PhD Summer School 2011

Adaptive management in relation to climate change

NONAM PhD course organised in association with FIVA

Organisers

The PhD course is organised by the Nordic Network for Adaptive Management in relation to Climate Change, NONAM, in association with FIVA, the International Research School of Water Resources. The organisers are:

  • Jens Christian Refsgaard, Geological Survey of Denmark and Greenland, GEUS (Course Leader)
  • Hans Jørgen Henriksen, Geological Survey of Denmark and Greenland, GEUS
  • Adriaan Perrels, Finnish Meteorological Institute, FMI
  • Sigrún Karlsdóttir, Icelandic Meteorological Office, IMO
  • Frederik Uldal, International Research School of Water Resources (FIVA)

Lecturers

  • Kasper Kok, Wageningen University, The Netherlands
  • Louise Eriksson, Umeå University, Sweden
  • Matt Hare, Seecon, Germany
  • Jens Christian Refsgaard, Geological Survey of Denmark and Greenland, GEUS
  • Hans Jørgen Henriksen, GEUS
  • Adriaan Perrels, FMI

ECTS

The course will give 5 ECTS credits. This assumes that students have read some material beforehand and hand in a brief written report at the end of the course.

Period

August 22 - 26, 2011

Place

Geocenter Copenhagen, Østervoldgade 10, Copenhagen, Denmark

Registration deadline

April 30, 2011.

For details see Registration.

Description

Adaptation to future changing climate poses enormous challenges for societies, both for designing and implementing technical infrastructure modifications and for changing societal priorities as well as people’s attitude to risk, ethics and basic values. Decision making in relation to climate change is complex in several respects. First of all, assessment of climate change effects involves large uncertainties. Hence identification of robust decisions is often difficult. Secondly, some of these uncertainties can be quantified statistically, while others can only be characterized qualitatively. Finally, decision making in a changing world requires consideration of consequences of events in economical and political terms, probabilities of these events, people’s risk perception, and willingness to change this. Therefore adaptive management is truly multidisciplinary with uncertainty, stakeholder involvement, risk attitude and possible future developments (scenarios) as key elements.

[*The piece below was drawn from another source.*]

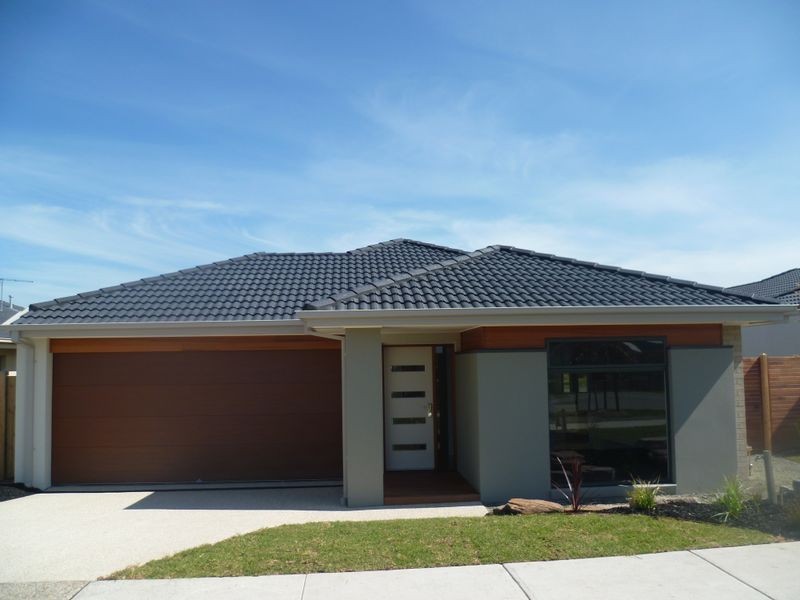 26 Knowland Grove, Cranbourne VIC 3977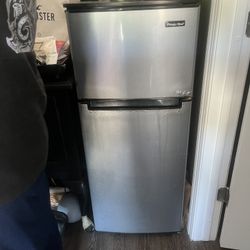 Magic Chef refrigerator, and freezer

The PhD course will provide a thorough introduction to adaptive management and present the participants for methodologies and tools related to the four key areas:

  • scenario building
  • stakeholder involvement
  • risk attitude
  • uncertainty assessments

The course will comprise a combination of lectures and exercises. The exercises will be based on two case studies, one on water resources management and another on a national road sector. The different aspects of adaptive management are distributed among student groups, so that they collectively cover the entire adaptive management procedure. Each group will study one aspect of adaptive management in detail by using specific tools introduced in the lectures. Groups report back to plenary on the use of these tools and attempt jointly to arrive at integrating the different tools into an adaptive management methodology.

The target group for the course is PhD students with an interest in adaptive management in relation to climate change. In addition, young researchers and professionals with interest in the topic may also benefit from following the course.

Course program

The program for the PhD course is available as a pdf file (0.02 Mb).

Further information

  • The course is limited to 25 participants studying or employed in the five Nordic countries (Iceland, Norway, Sweden, Finland, Denmark).
  • Preference will be given to PhD students and next to postdocs. If free places are available the course is also open to other professionals working in the subject area.
  • Attending the course is free of charge.
  • NONAM will provide accommodation for PhD students near the university free of charge. Participants are requested to cover travel expenses and daily allowances from their own funding. Other participants are requested to make their own arrangements.
  • Applicants are requested to send applications before the above deadline. The applications must include a brief description of their PhD/research project and a recommendation from their supervisor supporting their participation. Participation is applied for at FIVA's web-site.The applicants will be informed of the acceptance shortly after the registration deadline.